» WHAT TO DO: Word for word, write the lines below out again, with no pictures.

» INFORMATION PROVIDED:
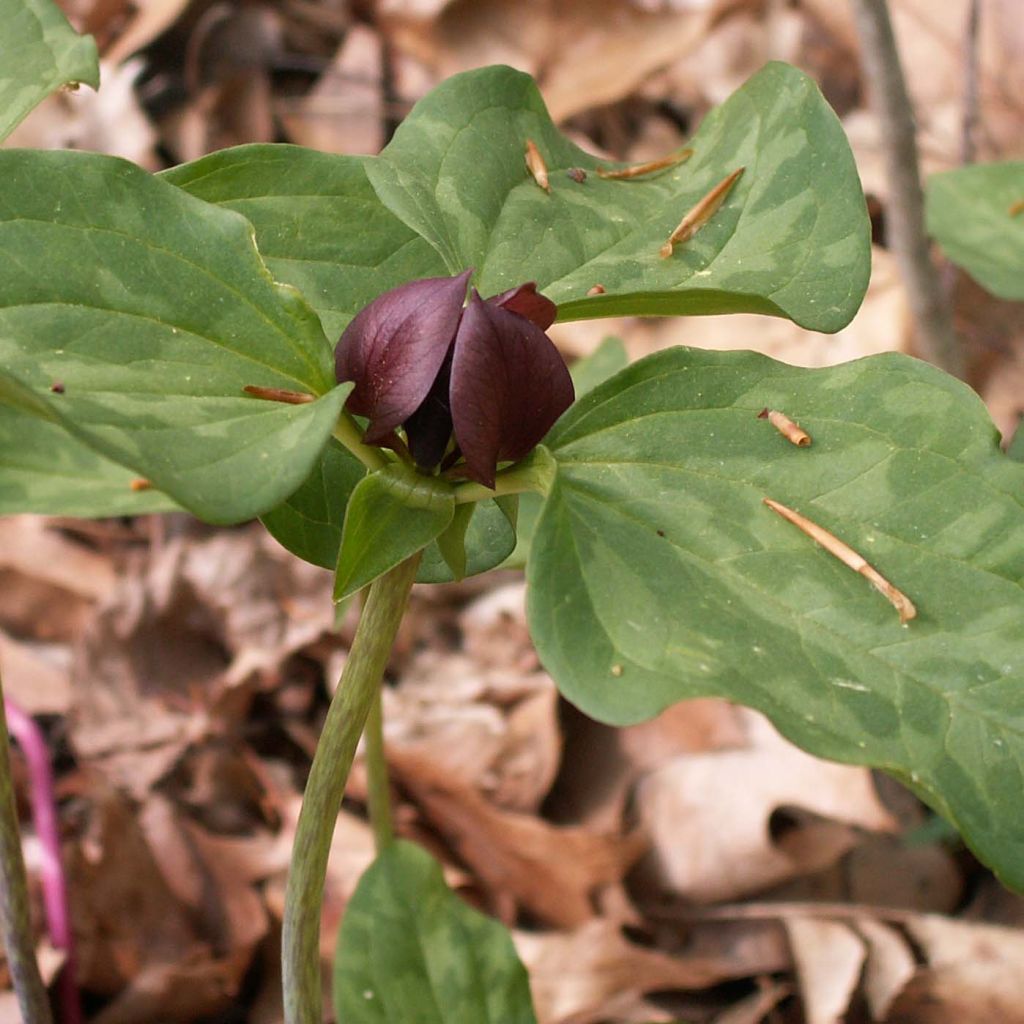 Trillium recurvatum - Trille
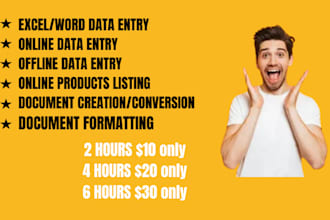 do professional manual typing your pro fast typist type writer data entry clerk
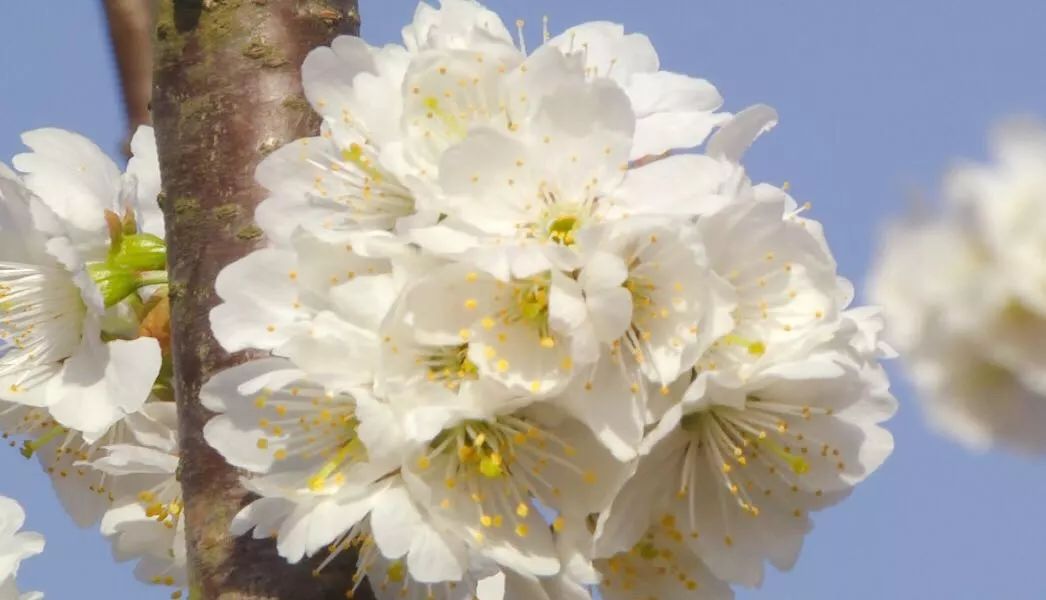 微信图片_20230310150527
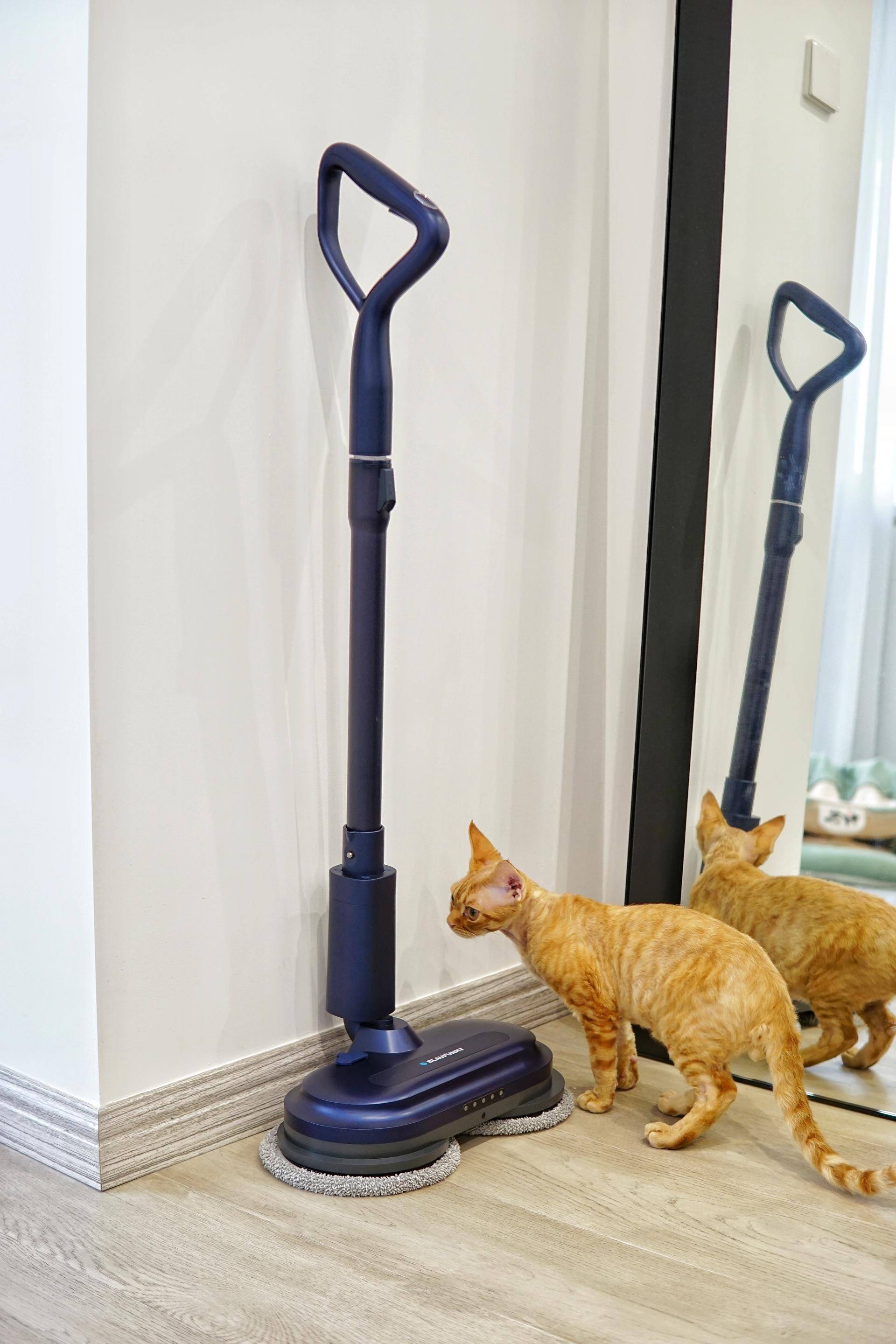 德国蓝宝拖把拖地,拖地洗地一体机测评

» EXERCISE RESPONSE:
 Trillium recurvatum - Trille
 do professional manual typing your pro fast typist type writer data entry clerk
 微信图片_20230310150527
 德国蓝宝拖把拖地,拖地洗地一体机测评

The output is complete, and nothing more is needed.